Tuesday, February 21, 2017
Dazed & Confused...Treasury Buying vs. Asset Valuations?
I'm dazed & confused...economists and the consensus all acknowledge 2001 and 2007 were low interest rate, debt driven financial and economic bubbles. However, somehow today's even lower interest rate environment resulting in an additional $9.5 trillion in equity valuation from the last bubble peak...this one is legit and isn't a bubble???What I'm even more confused about is who, exactly, is buying all the Treasury debt while simultaneously buying all the equity's (and real estate, and and and)? The chart below shows average monthly Treasury issuance over different periods and how much was purchased by the US domestic public (pensions, insurers, banks, institutional buyers, and private citizens). I'm astounded that somehow the domestic public is able to push equity prices up by over $16 trillion from there '09 lows while simultaneously buying record quantities of Treasury debt. The TIC data (Treasury International Capital system) combined with Fed data and further Treasury data show the public is presently purchasing nearly $70 billion a month (average) of still near record low yielding debt?!? The only previous period that the domestic public bought even 2/3rds the present amount, asset valuations were in free fall from 2008 to 2010 as money rotated from risk to perceived safety.

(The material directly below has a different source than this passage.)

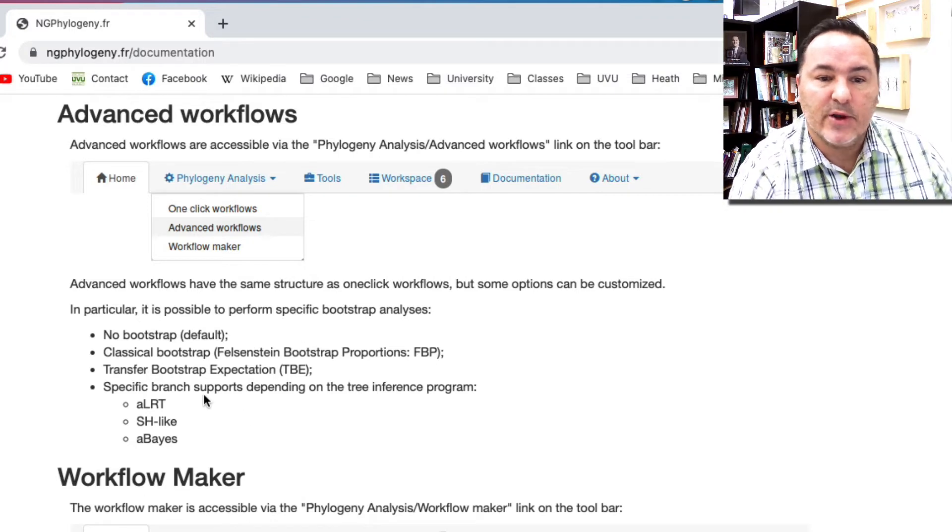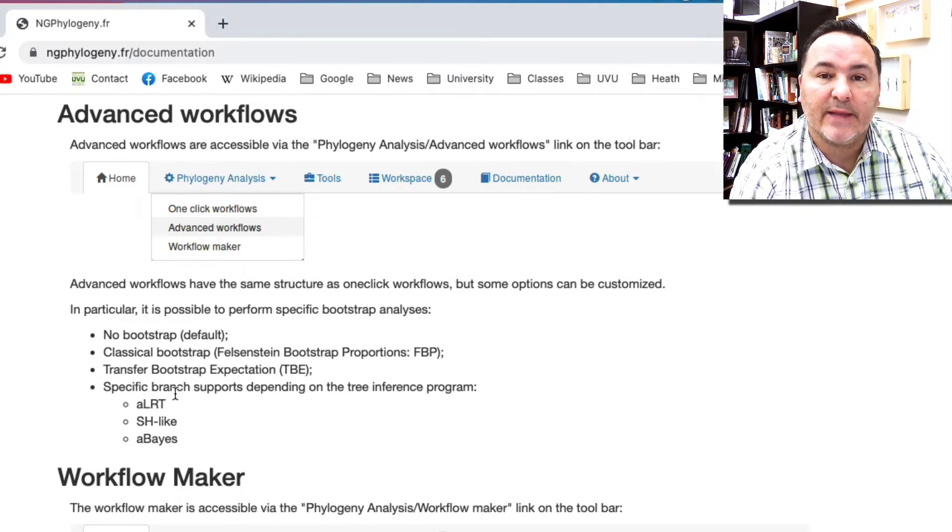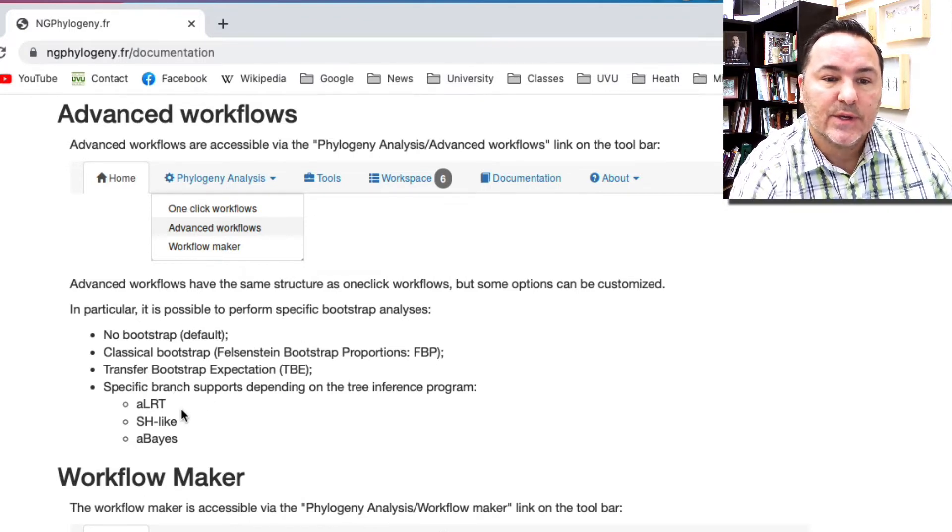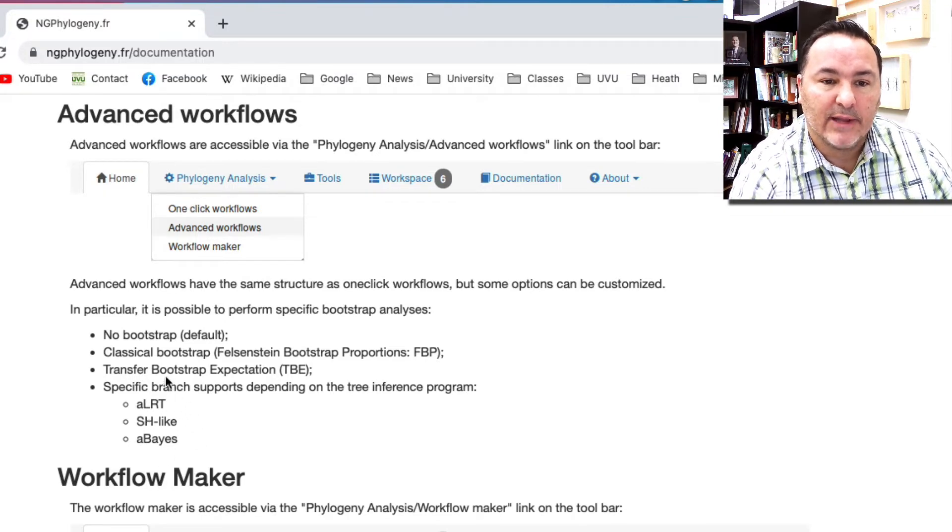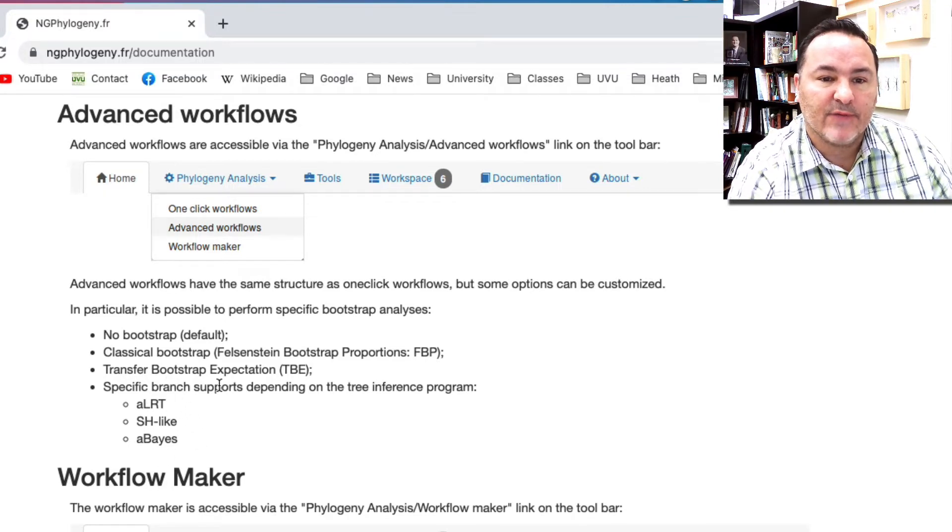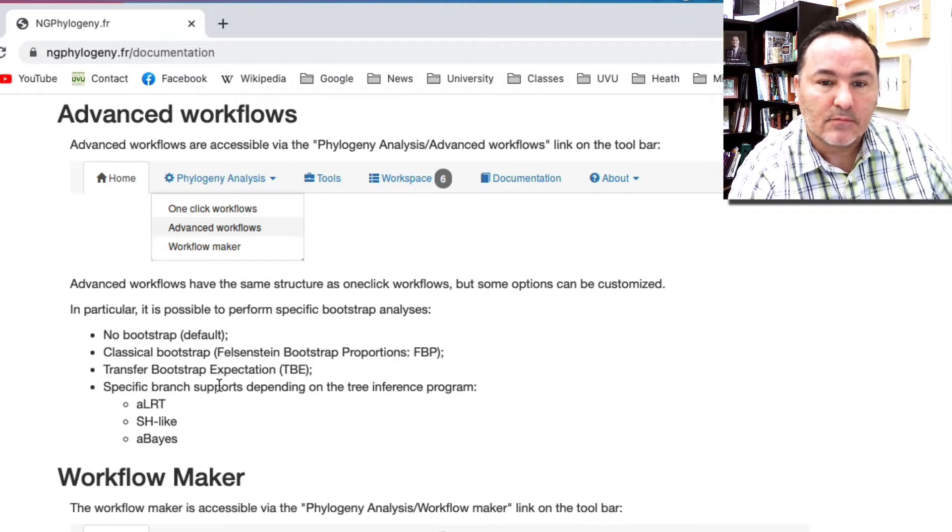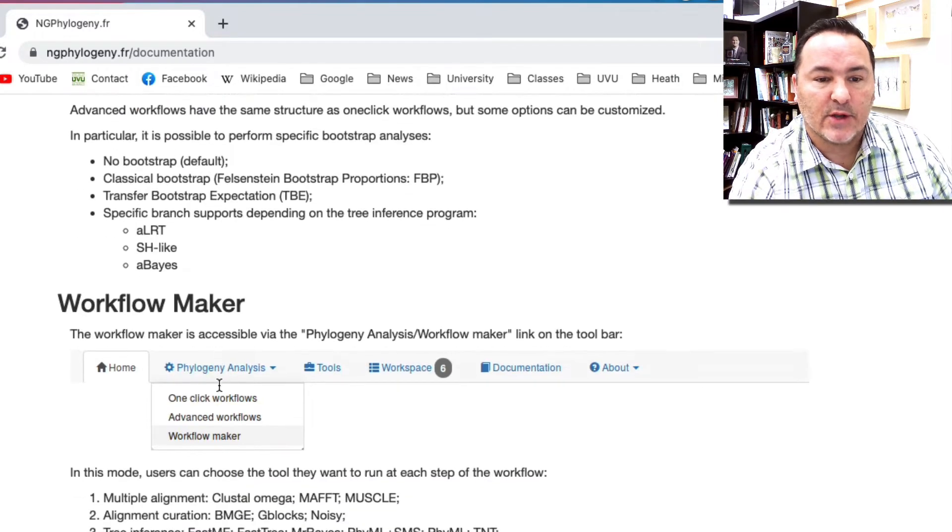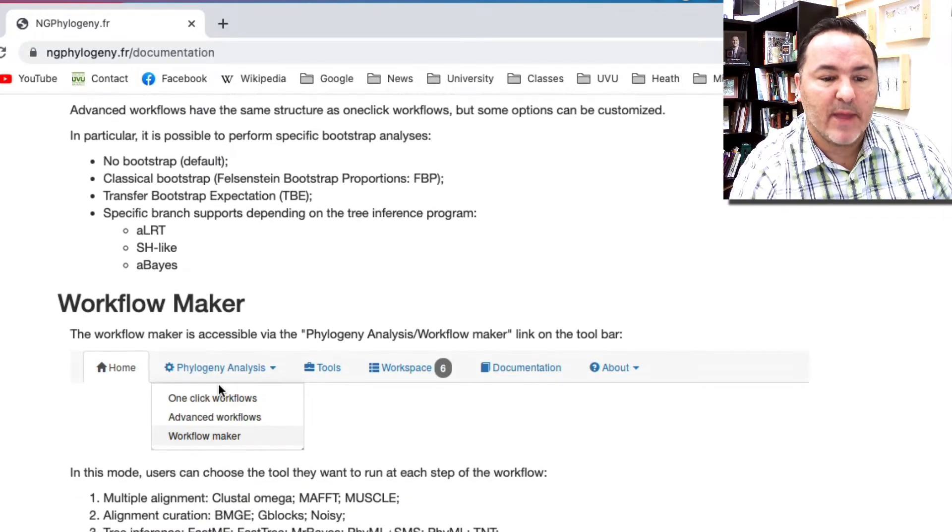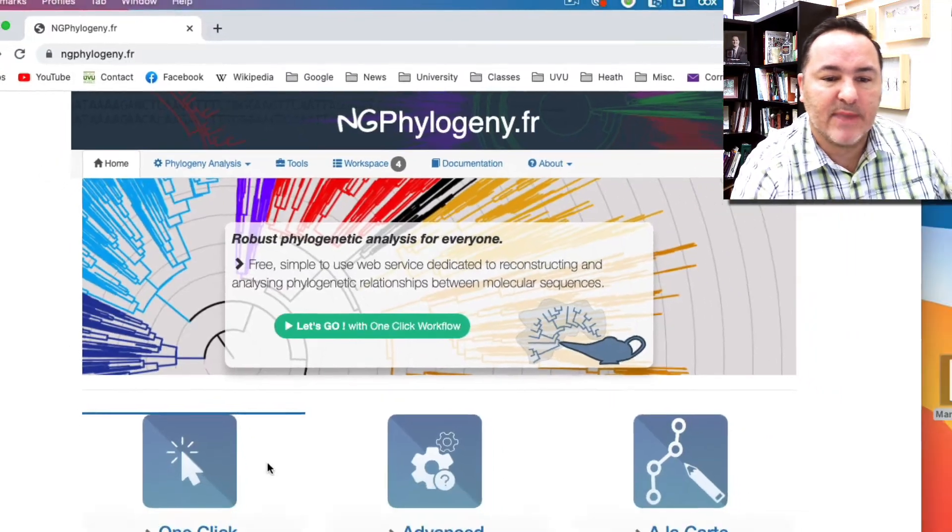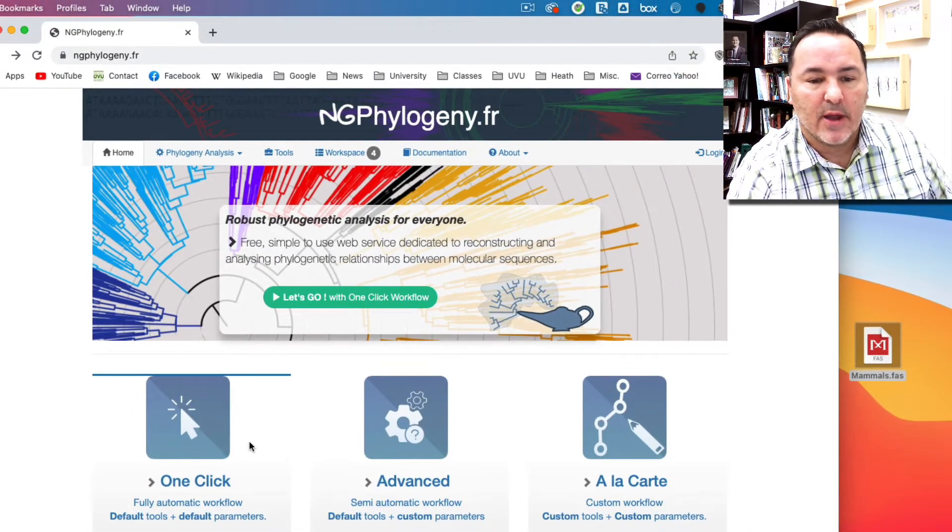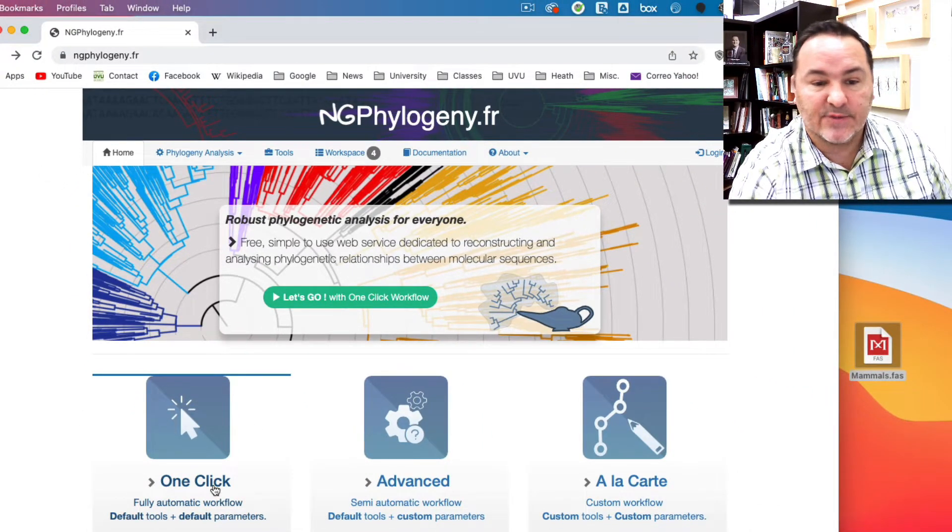This is also where you could make sure and ensure that you're getting branch support values calculated if that's what you want to have. You can also use the workflow maker to make any of the workflows that you want. Let's go back to this main page and show you how to do this.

From 2009 through 2014, during Quantitative Easing, the Federal Reserve was buying up to $45 billion in Treasury debt on a monthly basis. During the 2014 QE taper, the Fed was reducing their monthly purchases until they ceased altogether at years end. The end of Fed buying via QE was the trigger for foreigners to do likewise and cease buying and begin net selling US Treasury debt.
So, the Federal Reserve and foreigners have ceased buying and Intra-Governmental surplus have been muted by demographic and population shifts...that means nearly $70 billion a month domestically being spent on low yielding Treasury bonds instead of stocks, instead of corporate bonds, instead of RE or CRE. This should represent anti-QE or fiscal tightening. However, in the face of what essentially amounts to billions in monthly tightening of the money supply, assets (excluding commodities, the foundation of all economic activity) are ramping upward?!? Clearly, something else is happening.
A little background...
The chart below shows total US Treasury debt issued per period (white boxes) and what sources did the purchasing during each period. The red dashed circle draws your attention to the period since expansionary QE ended (yes, Fed still buys to maintain their balance sheet, but on a net base has ceased accumulating). (1), the Federal Reserve has ceased buying, (2) foreigners have not only stopped buying but are net selling, having decreased total Treasury holdings by $215 billion since the end of 2014. (3), all the buying since 2014 has been the US Public (primarily institutional buyers like pensions, insurers, banks, etc) and the IntraGovernmental "surplus".
If we focus on the growth in US Treasury debt, what should be obvious from looking at the chart below is that the vast majority of growth in US debt since 2008 has been marketable. The accelerating demographic and population shifts mean the surplus' that were mandated to soak up nearly half of all federal debt until 2008, will turn from total net buyers to net sellers within a few years. The rapid growth in marketable debt since '08 will only accelerate further.
Focusing on Marketable debt, from '01 through '14, the collective Federal Reserve and foreigners net purchased from 70% to 90% of all new US Treasury debt (freeing up $8 trillion to be spent domestically & levered up at ever lower rates on equities, bonds, etc.). China and the BRICS were huge buyers from '01 through '11, but China's holdings peaked in July of '11 and have been falling since...but the financier BLICS nations (Belgium, Luxembourg, Ireland, Cayman Island, Switzerland) took over and maintained the foreign bid until the Federal Reserve ceased QE. But since QE ended, the domestic public is buying all net new marketable debt plus that which foreigners are not rolling over.
To Recap...I'm dazed and confused!
Since the Fed ended QE and the sources of 70% to 90% of Treasury buying have ceased buying and turned to net sellers, yields essentially haven't risen (Jan 1, 2014 at 3%, Jan 1 2015 at 2.2% vs. todays 2.45%) nor has there been any asset declines because of a massive increase of dollars moving into low yielding Treasury debt. In fact, asset prices are sky rocketing despite the trillions of dollars (supposedly?) no longer available to move into these asset classes? In the only other period with domestic Treasury buying anything approaching the present quantity, financial assets collapsed as institutions and investors looked for shelter from the '09 storm.
I have tried to make it pretty clear why all this is taking place, HERE, why the recovery hasn't been about growing jobs or wages HERE, and in part why the stock market has soared, HERE. But, unfortunately, I have no answer as to what is currently taking place with Treasury buying and why there is seemingly no impact of trillions being siphoned off from "markets" (plenty of opinions, but no clear evidence to back them). And because I don't understand it, I can't comment on it's durability or longevity. I hope it makes more sense to you and allows you to invest accordingly.